**PROBLEM REQUIREMENTS**
Please copy all of the data that follows exactly, leaving any pictures out.

**AVAILABLE DATA**
·····

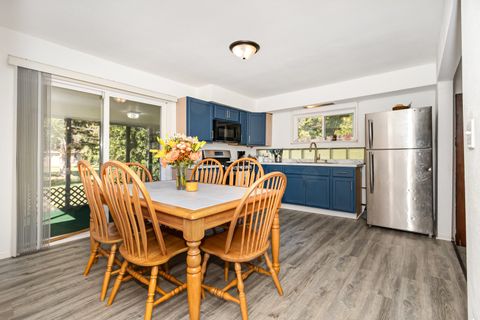 Tiny photo for 2535 Caton Farm Road, Joliet, IL 60435 (MLS # 12473736)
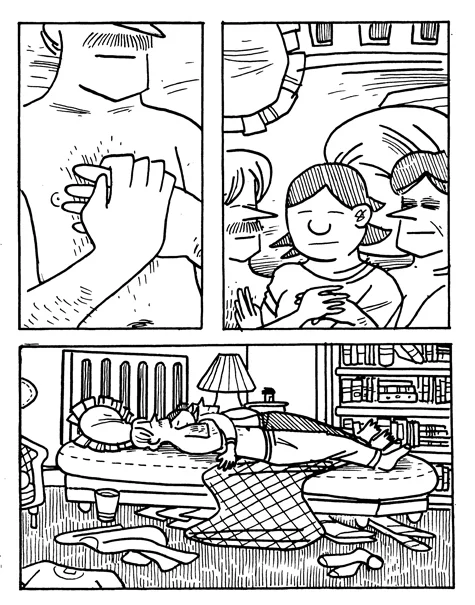 Chapter_007_Web23.jpg
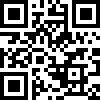 https://iscanews.ir/xdYFG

·····

**YOUR RESPONSE**
 Tiny photo for 2535 Caton Farm Road, Joliet, IL 60435 (MLS # 12473736)
 Chapter_007_Web23.jpg
 https://iscanews.ir/xdYFG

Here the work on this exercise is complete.